** Opening MATERIALS PROVIDED block **

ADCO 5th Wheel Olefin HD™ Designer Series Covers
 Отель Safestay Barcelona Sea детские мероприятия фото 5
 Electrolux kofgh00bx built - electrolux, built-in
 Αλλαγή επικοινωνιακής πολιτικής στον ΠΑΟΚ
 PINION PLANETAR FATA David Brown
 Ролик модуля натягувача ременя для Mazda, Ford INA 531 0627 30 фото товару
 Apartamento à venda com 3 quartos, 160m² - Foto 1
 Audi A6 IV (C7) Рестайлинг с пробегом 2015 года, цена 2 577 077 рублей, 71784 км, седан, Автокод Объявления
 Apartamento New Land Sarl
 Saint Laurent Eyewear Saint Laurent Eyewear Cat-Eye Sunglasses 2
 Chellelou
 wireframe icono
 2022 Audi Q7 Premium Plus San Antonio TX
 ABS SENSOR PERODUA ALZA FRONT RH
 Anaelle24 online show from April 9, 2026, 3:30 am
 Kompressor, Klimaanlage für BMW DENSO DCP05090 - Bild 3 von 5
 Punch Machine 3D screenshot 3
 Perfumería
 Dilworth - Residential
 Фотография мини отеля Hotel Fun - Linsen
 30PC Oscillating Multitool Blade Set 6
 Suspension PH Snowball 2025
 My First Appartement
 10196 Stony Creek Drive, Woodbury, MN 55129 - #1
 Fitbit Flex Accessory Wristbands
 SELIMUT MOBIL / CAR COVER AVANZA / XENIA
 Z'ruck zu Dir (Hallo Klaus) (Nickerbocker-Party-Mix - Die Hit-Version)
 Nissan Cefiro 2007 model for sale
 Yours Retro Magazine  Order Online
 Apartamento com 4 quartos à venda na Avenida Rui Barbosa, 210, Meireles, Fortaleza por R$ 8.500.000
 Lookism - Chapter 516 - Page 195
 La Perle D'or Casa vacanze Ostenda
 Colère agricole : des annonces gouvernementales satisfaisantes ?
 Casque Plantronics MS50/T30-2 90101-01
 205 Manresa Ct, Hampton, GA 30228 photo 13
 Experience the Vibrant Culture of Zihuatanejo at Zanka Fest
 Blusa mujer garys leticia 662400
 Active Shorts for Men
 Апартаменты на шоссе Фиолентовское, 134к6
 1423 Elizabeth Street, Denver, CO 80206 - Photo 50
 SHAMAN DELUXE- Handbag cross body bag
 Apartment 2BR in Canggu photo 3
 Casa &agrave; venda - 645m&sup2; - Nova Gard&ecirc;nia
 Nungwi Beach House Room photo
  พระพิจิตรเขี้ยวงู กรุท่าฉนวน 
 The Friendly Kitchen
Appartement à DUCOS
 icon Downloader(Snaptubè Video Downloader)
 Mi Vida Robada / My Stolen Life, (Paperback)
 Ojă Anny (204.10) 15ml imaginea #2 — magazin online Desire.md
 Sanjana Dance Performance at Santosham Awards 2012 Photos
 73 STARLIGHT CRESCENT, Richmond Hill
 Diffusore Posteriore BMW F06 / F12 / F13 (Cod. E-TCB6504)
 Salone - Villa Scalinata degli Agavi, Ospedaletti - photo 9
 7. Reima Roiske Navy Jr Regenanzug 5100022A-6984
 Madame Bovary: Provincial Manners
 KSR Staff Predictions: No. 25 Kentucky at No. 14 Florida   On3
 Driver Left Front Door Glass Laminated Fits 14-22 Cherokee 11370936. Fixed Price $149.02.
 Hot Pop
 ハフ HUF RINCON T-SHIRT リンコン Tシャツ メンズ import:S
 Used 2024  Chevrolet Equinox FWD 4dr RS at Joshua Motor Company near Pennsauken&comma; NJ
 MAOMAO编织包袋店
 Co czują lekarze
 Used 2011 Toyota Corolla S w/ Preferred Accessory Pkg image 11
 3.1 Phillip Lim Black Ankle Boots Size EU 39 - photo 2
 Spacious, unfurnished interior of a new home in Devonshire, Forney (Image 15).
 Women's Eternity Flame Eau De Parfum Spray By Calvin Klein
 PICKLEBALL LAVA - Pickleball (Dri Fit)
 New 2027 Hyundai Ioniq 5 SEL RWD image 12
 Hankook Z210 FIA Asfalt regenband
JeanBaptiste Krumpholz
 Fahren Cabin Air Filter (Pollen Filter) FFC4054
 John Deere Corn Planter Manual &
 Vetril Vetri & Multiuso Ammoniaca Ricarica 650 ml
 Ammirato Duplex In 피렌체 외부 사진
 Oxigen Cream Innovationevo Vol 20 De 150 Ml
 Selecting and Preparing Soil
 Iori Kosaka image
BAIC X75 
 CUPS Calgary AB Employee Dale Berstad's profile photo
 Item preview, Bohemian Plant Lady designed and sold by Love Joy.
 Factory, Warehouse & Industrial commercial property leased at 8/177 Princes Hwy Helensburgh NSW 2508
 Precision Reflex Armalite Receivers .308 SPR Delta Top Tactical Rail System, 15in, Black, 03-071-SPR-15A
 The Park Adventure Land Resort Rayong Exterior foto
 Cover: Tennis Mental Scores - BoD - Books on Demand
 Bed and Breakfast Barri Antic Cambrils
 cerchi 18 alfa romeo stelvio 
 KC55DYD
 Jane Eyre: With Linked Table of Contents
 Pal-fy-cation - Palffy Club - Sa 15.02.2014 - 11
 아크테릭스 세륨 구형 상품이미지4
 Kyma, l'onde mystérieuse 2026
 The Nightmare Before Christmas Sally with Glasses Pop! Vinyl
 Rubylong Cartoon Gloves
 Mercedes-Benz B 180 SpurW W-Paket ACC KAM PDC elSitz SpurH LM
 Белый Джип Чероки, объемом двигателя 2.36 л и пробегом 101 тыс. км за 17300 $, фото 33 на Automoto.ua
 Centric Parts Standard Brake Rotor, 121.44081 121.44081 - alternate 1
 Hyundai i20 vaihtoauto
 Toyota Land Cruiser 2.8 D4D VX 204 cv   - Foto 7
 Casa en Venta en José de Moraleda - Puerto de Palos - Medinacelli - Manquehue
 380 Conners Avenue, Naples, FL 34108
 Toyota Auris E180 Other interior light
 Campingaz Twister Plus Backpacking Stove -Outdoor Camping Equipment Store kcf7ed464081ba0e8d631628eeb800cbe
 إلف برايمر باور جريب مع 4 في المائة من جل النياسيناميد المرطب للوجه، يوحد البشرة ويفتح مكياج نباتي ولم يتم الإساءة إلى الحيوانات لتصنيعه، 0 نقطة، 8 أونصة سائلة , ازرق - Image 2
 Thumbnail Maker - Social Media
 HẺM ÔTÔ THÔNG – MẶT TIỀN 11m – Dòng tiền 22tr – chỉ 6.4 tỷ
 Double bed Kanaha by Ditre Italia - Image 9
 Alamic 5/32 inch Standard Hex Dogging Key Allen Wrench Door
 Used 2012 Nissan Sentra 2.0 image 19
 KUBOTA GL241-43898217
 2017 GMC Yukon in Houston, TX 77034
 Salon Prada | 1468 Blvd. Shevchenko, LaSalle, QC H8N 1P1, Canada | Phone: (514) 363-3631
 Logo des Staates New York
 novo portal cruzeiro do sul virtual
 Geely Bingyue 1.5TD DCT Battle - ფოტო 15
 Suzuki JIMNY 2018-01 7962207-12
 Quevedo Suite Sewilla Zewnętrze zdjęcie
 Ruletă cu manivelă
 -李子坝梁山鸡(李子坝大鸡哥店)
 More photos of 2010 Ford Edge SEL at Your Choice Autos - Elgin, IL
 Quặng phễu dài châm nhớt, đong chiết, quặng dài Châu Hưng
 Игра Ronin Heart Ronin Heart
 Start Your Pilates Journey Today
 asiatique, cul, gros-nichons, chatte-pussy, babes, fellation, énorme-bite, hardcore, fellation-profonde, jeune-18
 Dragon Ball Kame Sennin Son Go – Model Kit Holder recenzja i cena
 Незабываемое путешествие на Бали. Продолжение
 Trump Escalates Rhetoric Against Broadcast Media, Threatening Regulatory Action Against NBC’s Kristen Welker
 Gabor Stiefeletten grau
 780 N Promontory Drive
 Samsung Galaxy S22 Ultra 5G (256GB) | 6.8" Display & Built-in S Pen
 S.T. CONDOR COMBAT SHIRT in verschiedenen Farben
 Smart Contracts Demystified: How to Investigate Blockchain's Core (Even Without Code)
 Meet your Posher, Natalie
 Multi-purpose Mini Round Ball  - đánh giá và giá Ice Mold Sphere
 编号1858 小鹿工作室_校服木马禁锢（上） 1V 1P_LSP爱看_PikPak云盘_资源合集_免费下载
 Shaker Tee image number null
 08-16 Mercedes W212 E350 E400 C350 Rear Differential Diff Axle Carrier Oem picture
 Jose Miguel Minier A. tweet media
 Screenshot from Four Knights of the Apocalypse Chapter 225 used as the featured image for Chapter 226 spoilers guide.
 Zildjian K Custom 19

** Closing MATERIALS PROVIDED block **

• DIRECTIONS FOR THIS TASK:
Extract from the records above the lines from the one containing "The Friendly Kitchen" to the one containing "KSR Staff Predictions: No.", both lines included, exactly as they appear and with nothing else.

• TASK RESPONSE:
 The Friendly Kitchen
Appartement à DUCOS
 icon Downloader(Snaptubè Video Downloader)
 Mi Vida Robada / My Stolen Life, (Paperback)
 Ojă Anny (204.10) 15ml imaginea #2 — magazin online Desire.md
 Sanjana Dance Performance at Santosham Awards 2012 Photos
 73 STARLIGHT CRESCENT, Richmond Hill
 Diffusore Posteriore BMW F06 / F12 / F13 (Cod. E-TCB6504)
 Salone - Villa Scalinata degli Agavi, Ospedaletti - photo 9
 7. Reima Roiske Navy Jr Regenanzug 5100022A-6984
 Madame Bovary: Provincial Manners
 KSR Staff Predictions: No. 25 Kentucky at No. 14 Florida   On3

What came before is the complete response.